Assignment.
Below is a listing; retype exactly the lines between the one containing "Tasca Brandit Molle" and the one containing "an image of", inclusive, minus the pictures.

Information supplied.
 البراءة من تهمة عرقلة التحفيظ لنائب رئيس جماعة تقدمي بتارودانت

...

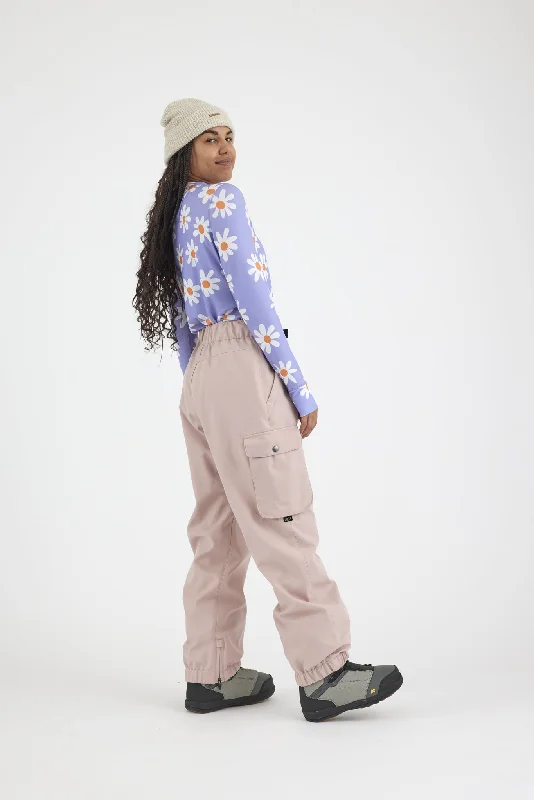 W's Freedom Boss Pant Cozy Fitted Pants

...

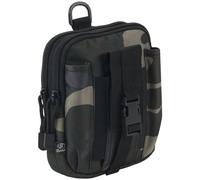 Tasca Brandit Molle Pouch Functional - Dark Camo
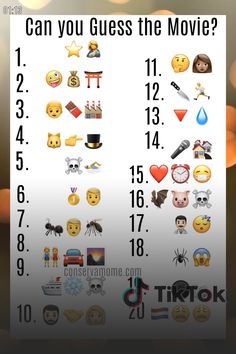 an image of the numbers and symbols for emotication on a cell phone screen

Answer for this exercise.
 Tasca Brandit Molle Pouch Functional - Dark Camo
 an image of the numbers and symbols for emotication on a cell phone screen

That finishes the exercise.